# New PHRF racers



## dmurcott (Apr 27, 2001)

I was at my club on Wednesday night after the first race of the season and talking to a professional skipper of a J120. I asked what he would recommend as a good PHRF racer for Long Island Sound for $50,000 and he said to bump it up to $80,000 and get an Express 37, but for $50,000 the Soverel 33. Both boats are from the mid-eighties.

I don't have the money for either, but it got me thinking, and here is my question to you:

What boat that is being produced now will be the boat recommended as a good racer in 20 years? Obviously, PHRF probably won't last another 20 years, so this is an academic discussion. But I can't be the only person thinking about this.

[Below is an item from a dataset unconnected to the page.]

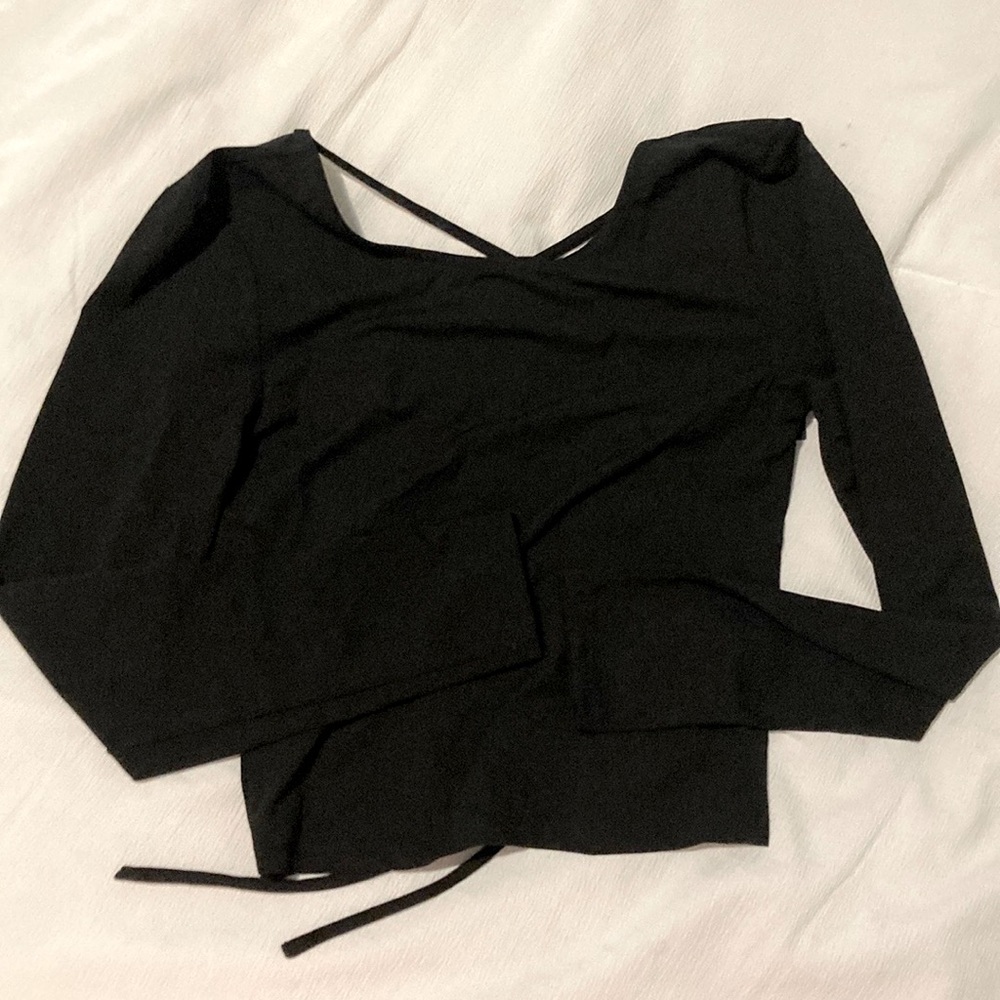 Cutout black top! Super cute!! 👚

Thanks for feeding my interest.


----------



## paulk (Jun 2, 2000)

You may be wrong about PHRF lasting another 20 years. Finding boats built now that will still be around in 20 years is another issue. What you're looking for is a well built vessel that also sails nicely. Maybe the new NYYC 40'(+or- ) boat will fit the bill. Or an X-yacht - if the galvanized steel frames hold up? A J/120, perhaps? Something from Tartan or C&C? There are a lot of variables, and until the 20 years come along, and the prices come down, you won't know for sure.


----------



## Jeff_H (Feb 26, 2000)

I think that there are a lot of current boats that will be good PHRF boats of the future. Phrf seems to favor boats that sail well in a wide range of conditions. I would think that boats like the Beneteau 40.7 and 36.7, C&C 99 and 115, J 105, 109 and 120, Farr 395, Cape Fear 38, Aerodyne 38 would be competative under PHRF for a long time to come. 

Jeff


----------